Il vient de découvrir que, ces jours derniers, a été inauguré à Lille le siège d'un état-major international, sous commandement français. Or, dans cet organisme qui comprend quatre cent vingt personnes, dont soixante-dix étrangers, parmi lesquels vingt et un anglophones seulement, la «langue de travail» doit être
l'anglais. Et notre amiral de s'en indigner, dans une page incendiaire qu'il fait circuler et à laquelle je pense devoir donner un écho.
«
Ainsi, écrit-il,
l'on impose à des militaires français, en France, sous les ordres de chefs français, de parler une autre langue que le français.»
La Constitution édictant que la langue de la République est le français, «
les autorités qui ont mis en place les dispositions en vigueur à Lille ont donc enfreint une règle constitutionnelle».

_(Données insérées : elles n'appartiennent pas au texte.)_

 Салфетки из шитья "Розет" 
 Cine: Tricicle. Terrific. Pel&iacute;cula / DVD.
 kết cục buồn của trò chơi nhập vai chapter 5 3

Il faut rappeler que les mêmes dispositions sont déjà appliquées à Strasbourg, au sein du corps européen, qui ne comporte qu'une infime minorité d'éléments anglophones, et à Toulon, dans un état-major naval correspondant à celui de Lille.

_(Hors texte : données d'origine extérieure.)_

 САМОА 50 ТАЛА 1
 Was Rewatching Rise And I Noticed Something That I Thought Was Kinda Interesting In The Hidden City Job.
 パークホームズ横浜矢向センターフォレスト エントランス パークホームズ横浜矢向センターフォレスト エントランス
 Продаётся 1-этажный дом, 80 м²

Pour faire bonne mesure, n'a-t-on pas équipé le magnifique amphithéâtre Foch, à l'école militaire, de fauteuils dont les accoudoirs contiennent un dispositif de vote : «
yes... no... abstain» !
Je ne puis que m'associer à la colère de l'amiral Debray, et l'approuver quand il s'écrie : «
En voilà assez ! Aux termes du règlement de discipline général dans les armées, les militaires français doivent refuser de se faire imposer en service l'usage d'une langue étrangère. Si l'armée française ne défend pas la France, à quoi sert-elle ?»
A mon tour, je pose une question : «
Et à quoi sert le Parlement ?» J'attends qu'un député veuille bien se lever dans l'Assemblée pour poser à Mme Alliot-Marie, pour qui je professe la plus grande estime, cette question d'actualité : «
Sous lequel de nos gouvernements a-t-on accepté l'obligation scandaleuse faite à nos états-majors d'employer une autre langue que la nôtre ? Notre ministre de la Défense a-t-il l'intention de rompre avec cette pratique et d'exiger, dans les armées, le retour au respect des règles de la Constitution ?» Nous serons nombreux à être attentifs à la réponse.